By 2050 we’re likely to need three times more wood than we do today, yet forests are fighting for their lives as the ground they stem from is being sought for alternative uses.
The key to keeping forests standing is to make them viable so they can compete with alternative land uses that require them cleared. Sustainable wood extraction as a forest conservation strategy has long been recognised as one way to achieve this.
That’s why today, a unique collaboration called VIA (Value and Impact Analysis) is being announced - to promote the benefits of legal, responsibly sourced, sustainable timber and clarify the role of FSC certification in the delivery of these values. The two-year VIA initiative from three founding business partners Kingfisher, IKEA and Tetra Pak, is supported by IDH, The Sustainable Trade Initiative and coordinated by the ISEAL Alliance.

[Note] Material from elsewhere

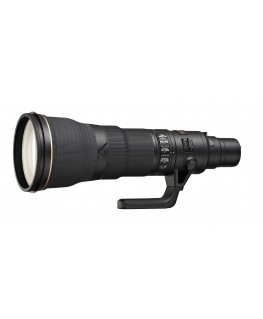 Nikon 4938574060082 SLR Superteleobjektiivi musta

The collaborators will support the development of a methodology for assessing the impacts of FSC forest management certification and the piloting of this methodology in selected areas.

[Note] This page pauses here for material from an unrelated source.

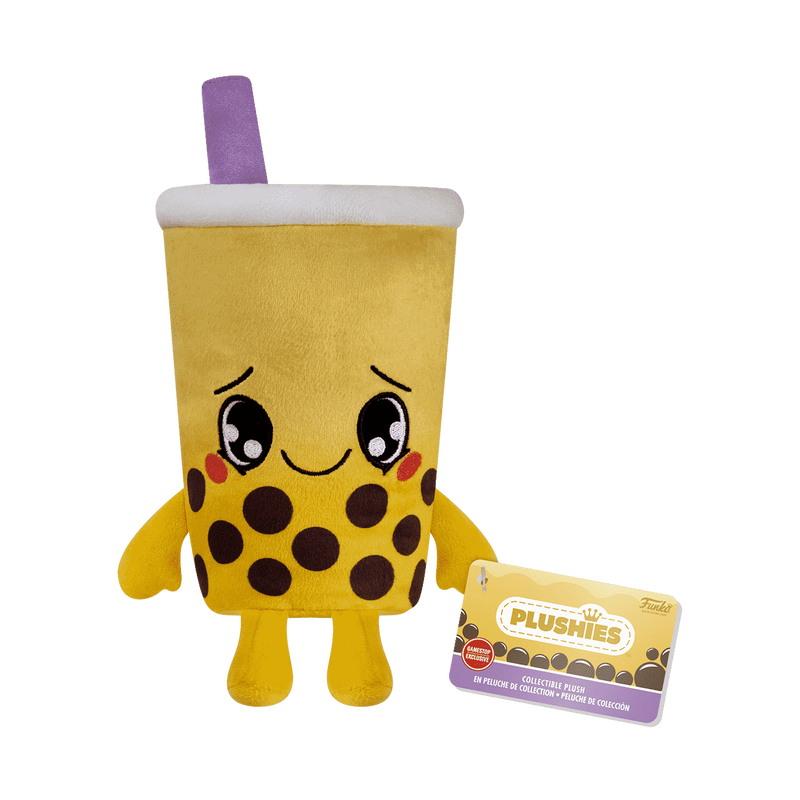 Mango Bubble Tea Plush, , hi-res view 1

In the last two decades The FSC has achieved great things but getting this level of certification to scale has proved difficult. WWF, for example, estimates around two-thirds of the 400 million hectares of production forest in the tropics are operating without a sustainable management plan. So, as the upward trend for more wood continues and pressures to clear forests for alternative use increase - there’s never been a more pressing time to get sustainable forestry management to scale.
To do it though, we need to demonstrate in which ways certification contributes to better management of the world’s forests, so that businesses and consumers understand the value and then create demand for certified timber.
This collated impact data will enable businesses to see the value they add by specifying FSC certified timber and paper through their procurement policies. The initiative is independent from the FSC but is designed to be useful to the organisation, by providing a tool that will show the contribution it makes to the social, environmental and economic values of the world’s forests. The learning from the initiative will also be shared with other sectors beyond forestry that are covered by more than 20 certification schemes who are members of ISEAL.
Richard Gillies, Group Sustainability Director for Kingfisher PLC, launching the collaboration at the FSC’s 20th anniversary General Assembly in Seville, Spain, said:
“Our forests are fighting for their lives. As a human being I care about the environmental and the social impacts that is having but as a retailer I also understand the devastating impacts of supply insecurity. The business community can help reverse the deforestation spiral by getting behind sustainable forestry management so that we can get it to scale. That’s why we’ve formed this collaboration. We believe business can be a force for good in keeping forests standing but to do that they need to understand the value of certification and sustainable forestry management. That’s why there’s a pressing need for this collaboration and the business-ready analysis we’re focused on developing.”